## Required work
Please write out every record below exactly as it stands.

## Dataset
_ _ _ _ _ _ _

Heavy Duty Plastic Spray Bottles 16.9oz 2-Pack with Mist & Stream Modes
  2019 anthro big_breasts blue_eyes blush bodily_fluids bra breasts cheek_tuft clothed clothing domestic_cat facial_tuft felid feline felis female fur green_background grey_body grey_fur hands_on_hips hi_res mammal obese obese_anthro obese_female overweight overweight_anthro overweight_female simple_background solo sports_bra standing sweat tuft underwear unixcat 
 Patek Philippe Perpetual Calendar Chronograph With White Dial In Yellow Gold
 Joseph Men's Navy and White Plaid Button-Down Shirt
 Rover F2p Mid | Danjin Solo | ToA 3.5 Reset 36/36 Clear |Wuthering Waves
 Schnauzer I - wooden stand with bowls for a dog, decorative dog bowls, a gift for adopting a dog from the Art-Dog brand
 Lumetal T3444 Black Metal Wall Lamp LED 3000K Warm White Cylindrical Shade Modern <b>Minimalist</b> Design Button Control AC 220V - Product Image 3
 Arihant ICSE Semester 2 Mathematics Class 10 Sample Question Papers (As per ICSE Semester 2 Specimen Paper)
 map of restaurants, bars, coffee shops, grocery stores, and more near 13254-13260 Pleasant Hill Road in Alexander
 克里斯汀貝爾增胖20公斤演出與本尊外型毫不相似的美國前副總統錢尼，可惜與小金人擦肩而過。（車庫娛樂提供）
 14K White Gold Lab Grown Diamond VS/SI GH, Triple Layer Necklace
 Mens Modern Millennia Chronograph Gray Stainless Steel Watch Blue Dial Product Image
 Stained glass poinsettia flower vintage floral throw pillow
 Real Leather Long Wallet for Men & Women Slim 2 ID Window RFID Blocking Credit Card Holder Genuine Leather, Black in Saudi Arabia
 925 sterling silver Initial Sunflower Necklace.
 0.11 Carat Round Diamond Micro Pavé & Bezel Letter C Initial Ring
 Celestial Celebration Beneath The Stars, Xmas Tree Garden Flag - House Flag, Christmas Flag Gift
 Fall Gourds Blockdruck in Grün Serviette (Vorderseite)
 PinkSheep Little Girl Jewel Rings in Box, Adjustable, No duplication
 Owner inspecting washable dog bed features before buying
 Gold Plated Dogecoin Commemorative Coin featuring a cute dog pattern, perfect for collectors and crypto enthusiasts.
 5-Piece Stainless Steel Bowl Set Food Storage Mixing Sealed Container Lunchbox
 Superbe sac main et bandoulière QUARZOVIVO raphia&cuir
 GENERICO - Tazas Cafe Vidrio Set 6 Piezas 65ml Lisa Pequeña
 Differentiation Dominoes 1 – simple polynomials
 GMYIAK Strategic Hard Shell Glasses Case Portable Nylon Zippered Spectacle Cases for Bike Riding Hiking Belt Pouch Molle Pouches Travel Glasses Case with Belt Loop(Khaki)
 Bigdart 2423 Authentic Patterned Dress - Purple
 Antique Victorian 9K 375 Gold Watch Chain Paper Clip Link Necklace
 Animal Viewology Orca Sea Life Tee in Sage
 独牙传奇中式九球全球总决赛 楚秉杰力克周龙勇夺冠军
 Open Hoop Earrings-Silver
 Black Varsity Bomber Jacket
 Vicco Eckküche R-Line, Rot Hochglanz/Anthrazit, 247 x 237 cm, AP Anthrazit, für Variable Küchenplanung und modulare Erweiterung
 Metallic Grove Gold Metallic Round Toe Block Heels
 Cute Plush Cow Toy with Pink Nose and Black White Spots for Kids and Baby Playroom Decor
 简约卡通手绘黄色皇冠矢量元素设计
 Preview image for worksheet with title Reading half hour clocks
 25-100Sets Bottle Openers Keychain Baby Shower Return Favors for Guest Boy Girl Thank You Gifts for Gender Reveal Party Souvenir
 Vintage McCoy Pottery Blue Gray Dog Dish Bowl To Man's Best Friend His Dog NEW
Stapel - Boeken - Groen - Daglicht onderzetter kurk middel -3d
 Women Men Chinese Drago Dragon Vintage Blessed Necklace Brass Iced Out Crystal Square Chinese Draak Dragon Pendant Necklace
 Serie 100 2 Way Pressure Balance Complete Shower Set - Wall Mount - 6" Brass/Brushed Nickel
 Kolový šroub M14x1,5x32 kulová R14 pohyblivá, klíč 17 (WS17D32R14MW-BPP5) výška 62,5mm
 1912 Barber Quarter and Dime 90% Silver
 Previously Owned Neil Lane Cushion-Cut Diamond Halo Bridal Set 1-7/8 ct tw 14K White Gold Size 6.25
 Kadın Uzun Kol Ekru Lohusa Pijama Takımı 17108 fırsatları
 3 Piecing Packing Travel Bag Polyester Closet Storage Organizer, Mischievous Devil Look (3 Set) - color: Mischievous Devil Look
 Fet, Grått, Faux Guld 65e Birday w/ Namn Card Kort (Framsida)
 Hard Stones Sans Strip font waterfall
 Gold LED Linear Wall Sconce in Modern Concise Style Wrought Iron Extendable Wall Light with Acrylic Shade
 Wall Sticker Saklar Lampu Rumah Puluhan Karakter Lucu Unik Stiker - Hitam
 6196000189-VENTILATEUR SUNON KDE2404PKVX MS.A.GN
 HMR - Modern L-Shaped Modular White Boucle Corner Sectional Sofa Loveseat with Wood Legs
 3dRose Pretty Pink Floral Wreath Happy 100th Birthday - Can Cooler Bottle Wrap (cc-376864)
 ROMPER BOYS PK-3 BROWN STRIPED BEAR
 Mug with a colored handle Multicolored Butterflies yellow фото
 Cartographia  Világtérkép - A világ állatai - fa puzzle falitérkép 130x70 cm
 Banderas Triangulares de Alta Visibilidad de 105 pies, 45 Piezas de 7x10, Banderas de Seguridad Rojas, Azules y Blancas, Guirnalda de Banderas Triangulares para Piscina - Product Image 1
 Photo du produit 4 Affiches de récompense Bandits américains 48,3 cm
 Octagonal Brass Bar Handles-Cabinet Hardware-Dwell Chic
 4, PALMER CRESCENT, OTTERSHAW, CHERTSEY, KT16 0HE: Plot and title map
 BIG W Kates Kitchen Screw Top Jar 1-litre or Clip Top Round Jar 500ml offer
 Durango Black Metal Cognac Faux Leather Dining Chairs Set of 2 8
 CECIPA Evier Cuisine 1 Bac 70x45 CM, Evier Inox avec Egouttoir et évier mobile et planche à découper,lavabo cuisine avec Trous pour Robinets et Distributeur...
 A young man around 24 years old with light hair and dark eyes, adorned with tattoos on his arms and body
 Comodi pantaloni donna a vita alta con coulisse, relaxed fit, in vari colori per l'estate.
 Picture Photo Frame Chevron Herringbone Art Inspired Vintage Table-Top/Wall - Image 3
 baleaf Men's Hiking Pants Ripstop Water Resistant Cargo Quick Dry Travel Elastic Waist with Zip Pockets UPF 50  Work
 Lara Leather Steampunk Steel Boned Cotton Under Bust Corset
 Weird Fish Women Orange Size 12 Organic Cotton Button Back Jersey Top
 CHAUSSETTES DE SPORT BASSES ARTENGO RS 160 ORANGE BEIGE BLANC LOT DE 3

_ _ _ _ _ _ _

## Output of the exercise
Heavy Duty Plastic Spray Bottles 16.9oz 2-Pack with Mist & Stream Modes
  2019 anthro big_breasts blue_eyes blush bodily_fluids bra breasts cheek_tuft clothed clothing domestic_cat facial_tuft felid feline felis female fur green_background grey_body grey_fur hands_on_hips hi_res mammal obese obese_anthro obese_female overweight overweight_anthro overweight_female simple_background solo sports_bra standing sweat tuft underwear unixcat 
 Patek Philippe Perpetual Calendar Chronograph With White Dial In Yellow Gold
 Joseph Men's Navy and White Plaid Button-Down Shirt
 Rover F2p Mid | Danjin Solo | ToA 3.5 Reset 36/36 Clear |Wuthering Waves
 Schnauzer I - wooden stand with bowls for a dog, decorative dog bowls, a gift for adopting a dog from the Art-Dog brand
 Lumetal T3444 Black Metal Wall Lamp LED 3000K Warm White Cylindrical Shade Modern <b>Minimalist</b> Design Button Control AC 220V - Product Image 3
 Arihant ICSE Semester 2 Mathematics Class 10 Sample Question Papers (As per ICSE Semester 2 Specimen Paper)
 map of restaurants, bars, coffee shops, grocery stores, and more near 13254-13260 Pleasant Hill Road in Alexander
 克里斯汀貝爾增胖20公斤演出與本尊外型毫不相似的美國前副總統錢尼，可惜與小金人擦肩而過。（車庫娛樂提供）
 14K White Gold Lab Grown Diamond VS/SI GH, Triple Layer Necklace
 Mens Modern Millennia Chronograph Gray Stainless Steel Watch Blue Dial Product Image
 Stained glass poinsettia flower vintage floral throw pillow
 Real Leather Long Wallet for Men & Women Slim 2 ID Window RFID Blocking Credit Card Holder Genuine Leather, Black in Saudi Arabia
 925 sterling silver Initial Sunflower Necklace.
 0.11 Carat Round Diamond Micro Pavé & Bezel Letter C Initial Ring
 Celestial Celebration Beneath The Stars, Xmas Tree Garden Flag - House Flag, Christmas Flag Gift
 Fall Gourds Blockdruck in Grün Serviette (Vorderseite)
 PinkSheep Little Girl Jewel Rings in Box, Adjustable, No duplication
 Owner inspecting washable dog bed features before buying
 Gold Plated Dogecoin Commemorative Coin featuring a cute dog pattern, perfect for collectors and crypto enthusiasts.
 5-Piece Stainless Steel Bowl Set Food Storage Mixing Sealed Container Lunchbox
 Superbe sac main et bandoulière QUARZOVIVO raphia&cuir
 GENERICO - Tazas Cafe Vidrio Set 6 Piezas 65ml Lisa Pequeña
 Differentiation Dominoes 1 – simple polynomials
 GMYIAK Strategic Hard Shell Glasses Case Portable Nylon Zippered Spectacle Cases for Bike Riding Hiking Belt Pouch Molle Pouches Travel Glasses Case with Belt Loop(Khaki)
 Bigdart 2423 Authentic Patterned Dress - Purple
 Antique Victorian 9K 375 Gold Watch Chain Paper Clip Link Necklace
 Animal Viewology Orca Sea Life Tee in Sage
 独牙传奇中式九球全球总决赛 楚秉杰力克周龙勇夺冠军
 Open Hoop Earrings-Silver
 Black Varsity Bomber Jacket
 Vicco Eckküche R-Line, Rot Hochglanz/Anthrazit, 247 x 237 cm, AP Anthrazit, für Variable Küchenplanung und modulare Erweiterung
 Metallic Grove Gold Metallic Round Toe Block Heels
 Cute Plush Cow Toy with Pink Nose and Black White Spots for Kids and Baby Playroom Decor
 简约卡通手绘黄色皇冠矢量元素设计
 Preview image for worksheet with title Reading half hour clocks
 25-100Sets Bottle Openers Keychain Baby Shower Return Favors for Guest Boy Girl Thank You Gifts for Gender Reveal Party Souvenir
 Vintage McCoy Pottery Blue Gray Dog Dish Bowl To Man's Best Friend His Dog NEW
Stapel - Boeken - Groen - Daglicht onderzetter kurk middel -3d
 Women Men Chinese Drago Dragon Vintage Blessed Necklace Brass Iced Out Crystal Square Chinese Draak Dragon Pendant Necklace
 Serie 100 2 Way Pressure Balance Complete Shower Set - Wall Mount - 6" Brass/Brushed Nickel
 Kolový šroub M14x1,5x32 kulová R14 pohyblivá, klíč 17 (WS17D32R14MW-BPP5) výška 62,5mm
 1912 Barber Quarter and Dime 90% Silver
 Previously Owned Neil Lane Cushion-Cut Diamond Halo Bridal Set 1-7/8 ct tw 14K White Gold Size 6.25
 Kadın Uzun Kol Ekru Lohusa Pijama Takımı 17108 fırsatları
 3 Piecing Packing Travel Bag Polyester Closet Storage Organizer, Mischievous Devil Look (3 Set) - color: Mischievous Devil Look
 Fet, Grått, Faux Guld 65e Birday w/ Namn Card Kort (Framsida)
 Hard Stones Sans Strip font waterfall
 Gold LED Linear Wall Sconce in Modern Concise Style Wrought Iron Extendable Wall Light with Acrylic Shade
 Wall Sticker Saklar Lampu Rumah Puluhan Karakter Lucu Unik Stiker - Hitam
 6196000189-VENTILATEUR SUNON KDE2404PKVX MS.A.GN
 HMR - Modern L-Shaped Modular White Boucle Corner Sectional Sofa Loveseat with Wood Legs
 3dRose Pretty Pink Floral Wreath Happy 100th Birthday - Can Cooler Bottle Wrap (cc-376864)
 ROMPER BOYS PK-3 BROWN STRIPED BEAR
 Mug with a colored handle Multicolored Butterflies yellow фото
 Cartographia  Világtérkép - A világ állatai - fa puzzle falitérkép 130x70 cm
 Banderas Triangulares de Alta Visibilidad de 105 pies, 45 Piezas de 7x10, Banderas de Seguridad Rojas, Azules y Blancas, Guirnalda de Banderas Triangulares para Piscina - Product Image 1
 Photo du produit 4 Affiches de récompense Bandits américains 48,3 cm
 Octagonal Brass Bar Handles-Cabinet Hardware-Dwell Chic
 4, PALMER CRESCENT, OTTERSHAW, CHERTSEY, KT16 0HE: Plot and title map
 BIG W Kates Kitchen Screw Top Jar 1-litre or Clip Top Round Jar 500ml offer
 Durango Black Metal Cognac Faux Leather Dining Chairs Set of 2 8
 CECIPA Evier Cuisine 1 Bac 70x45 CM, Evier Inox avec Egouttoir et évier mobile et planche à découper,lavabo cuisine avec Trous pour Robinets et Distributeur...
 A young man around 24 years old with light hair and dark eyes, adorned with tattoos on his arms and body
 Comodi pantaloni donna a vita alta con coulisse, relaxed fit, in vari colori per l'estate.
 Picture Photo Frame Chevron Herringbone Art Inspired Vintage Table-Top/Wall - Image 3
 baleaf Men's Hiking Pants Ripstop Water Resistant Cargo Quick Dry Travel Elastic Waist with Zip Pockets UPF 50  Work
 Lara Leather Steampunk Steel Boned Cotton Under Bust Corset
 Weird Fish Women Orange Size 12 Organic Cotton Button Back Jersey Top
 CHAUSSETTES DE SPORT BASSES ARTENGO RS 160 ORANGE BEIGE BLANC LOT DE 3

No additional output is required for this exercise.